Jacob Stern’s harrowing look for The Atlantic at the mental health aftermath of California wildfires had me thinking again about autism and trauma, which came to mind a bit ago when I was being struck by all those realizations about having autobiographical memory deficiencies.
Psychologists sometimes say that trauma gets burned into the mind, like the imprint of a branding iron, and in a way it does. In truth, though, trauma is not so much a scorch mark as a flame, flaring up and dying down, inconstant. It burns in the mind. And just as some materials burn more readily than others, so too do some minds.
Part of this is genetic. Another part is cognitive. But a growing body of research has also linked vulnerability with prior exposure. “When traumas accumulate over time,” says the Alaska Network on Domestic Violence and Sexual Assault, “they may be associated with more severe and complex psychological reactions.” For an alcoholic or a battered partner or a victim of sexual abuse, this means a heightened risk of serious mental-health problems. And if another disaster strikes—say, a pandemic—the risk rises higher still.
It got me thinking about how much worse would be the mini-traumas (I’m trying to find the language to describe what I try to get at when I talk about autism and trauma in a way that doesn’t seem like I’m trying to complete with what I keep wanting to call real trauma) my autistic brain experiences if I wasn’t memory deficient, aphantasically incapable of retrospective visualization.

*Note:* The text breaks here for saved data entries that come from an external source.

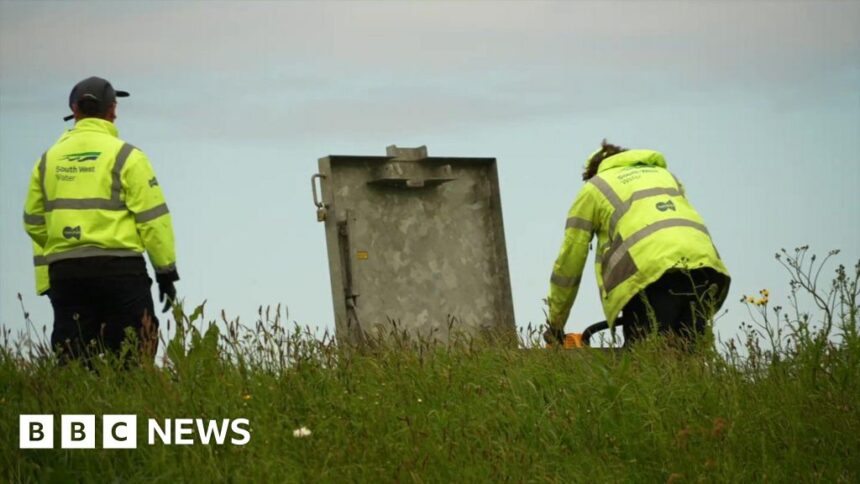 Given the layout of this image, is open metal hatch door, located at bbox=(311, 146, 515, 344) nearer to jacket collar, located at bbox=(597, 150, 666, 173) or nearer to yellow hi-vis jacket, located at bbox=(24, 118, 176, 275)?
jacket collar, located at bbox=(597, 150, 666, 173)

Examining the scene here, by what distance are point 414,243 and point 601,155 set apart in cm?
266

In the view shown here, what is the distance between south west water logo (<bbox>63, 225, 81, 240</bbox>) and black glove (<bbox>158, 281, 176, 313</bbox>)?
2.19ft

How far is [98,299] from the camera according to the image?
9.90 m

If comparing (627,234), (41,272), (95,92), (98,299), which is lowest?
(98,299)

What I mean is that the little traumas suffered by my particular autistic brain aren’t attached to actual stored memories of the traumatic stimuli themselves. Rather, it’s like my, for example, sensory pathways are ridden with potholes caused by such stimuli. When new stimuli has to travel those same pathways, well, it’s much like you don’t need ever before to have driven down a road in order to suffer the bumps and bruises of its potholes. For all intents and purposes, my not having any true experiential memory of things is akin to not having driven that road before (even though, technically and actually, I have).

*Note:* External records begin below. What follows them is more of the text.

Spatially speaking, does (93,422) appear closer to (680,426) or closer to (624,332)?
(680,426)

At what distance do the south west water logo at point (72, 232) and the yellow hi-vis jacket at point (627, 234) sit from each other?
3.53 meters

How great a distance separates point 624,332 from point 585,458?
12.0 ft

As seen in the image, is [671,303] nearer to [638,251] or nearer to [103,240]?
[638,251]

So I can’t imagine having to suffer not just the potholes themselves but the sense-memory of the trauma that put them there in the first place.

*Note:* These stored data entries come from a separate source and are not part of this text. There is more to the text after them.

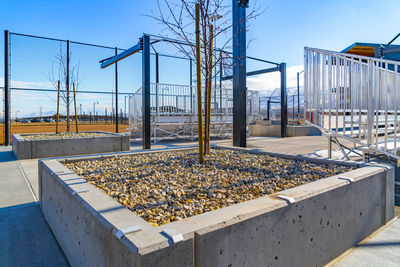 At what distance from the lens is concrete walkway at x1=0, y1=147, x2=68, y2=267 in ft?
6.05

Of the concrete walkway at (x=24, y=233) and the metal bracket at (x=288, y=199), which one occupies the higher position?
the metal bracket at (x=288, y=199)

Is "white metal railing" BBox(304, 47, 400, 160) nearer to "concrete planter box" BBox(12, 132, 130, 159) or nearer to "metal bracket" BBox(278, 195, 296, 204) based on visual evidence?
"metal bracket" BBox(278, 195, 296, 204)

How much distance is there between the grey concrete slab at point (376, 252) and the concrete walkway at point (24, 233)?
2.03 meters

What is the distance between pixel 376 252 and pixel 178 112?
8.27m

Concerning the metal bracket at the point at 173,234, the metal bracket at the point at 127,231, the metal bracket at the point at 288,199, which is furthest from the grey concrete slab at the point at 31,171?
the metal bracket at the point at 288,199

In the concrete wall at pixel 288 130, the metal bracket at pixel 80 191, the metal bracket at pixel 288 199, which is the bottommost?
the metal bracket at pixel 288 199

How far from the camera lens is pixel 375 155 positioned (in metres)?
3.82

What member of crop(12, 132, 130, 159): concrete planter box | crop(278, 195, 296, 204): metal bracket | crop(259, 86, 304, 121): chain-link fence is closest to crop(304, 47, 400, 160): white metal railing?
crop(278, 195, 296, 204): metal bracket

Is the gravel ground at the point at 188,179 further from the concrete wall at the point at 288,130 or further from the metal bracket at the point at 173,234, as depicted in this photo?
the concrete wall at the point at 288,130

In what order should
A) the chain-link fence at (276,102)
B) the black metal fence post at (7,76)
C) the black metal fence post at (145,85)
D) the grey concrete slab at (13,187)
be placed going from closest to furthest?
the grey concrete slab at (13,187), the black metal fence post at (145,85), the black metal fence post at (7,76), the chain-link fence at (276,102)

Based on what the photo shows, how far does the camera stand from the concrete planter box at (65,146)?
5793 mm

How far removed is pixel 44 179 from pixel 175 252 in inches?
88.6

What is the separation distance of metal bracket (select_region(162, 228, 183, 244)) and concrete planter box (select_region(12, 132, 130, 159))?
576 cm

It was in my mind mainly because I was trying to understand how these mini-traumas the autistic brain is beset by could really cause a kind of accumulation of bad feeling, and how new stimuli could “recall” earlier such traumas if the memory parts of that same brain can’t actually recall those earlier traumas.
For some reason this Atlantic piece, for entirely indirect and just sort of quasi-associational reasons, made me realize that trauma effectively causes stimulus pathway damage, whether or not you actually can remember that damage being done.